# YOUR GOAL
Produce a word-for-word copy of the data that follows, excluding images.

# DATA EXCERPT
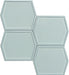 Vague Sky Grey 5x6 Hexagon Glossy Ceramic Tile Euro Glass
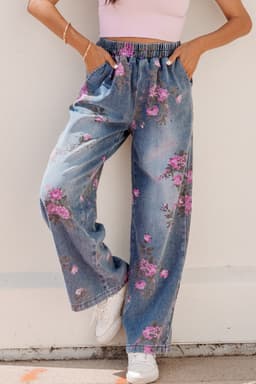 image-Blue Floral Print Elastic Waist Casual Jeans (50 characters)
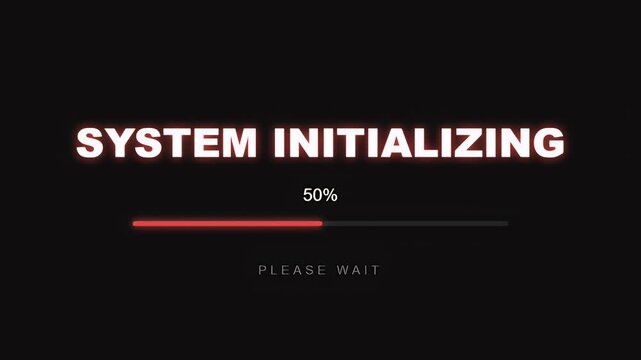 System initializing screen with a red progress bar and percentage counter showing loading status on a dark display
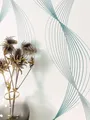 NEWROOM Vliestapete Weiß Türkis Wellen 3D Optik Modern Wohnzimmer Schlafzimmer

# RESPONSE TO THIS EXERCISE
 Vague Sky Grey 5x6 Hexagon Glossy Ceramic Tile Euro Glass
 image-Blue Floral Print Elastic Waist Casual Jeans (50 characters)
 System initializing screen with a red progress bar and percentage counter showing loading status on a dark display
 NEWROOM Vliestapete Weiß Türkis Wellen 3D Optik Modern Wohnzimmer Schlafzimmer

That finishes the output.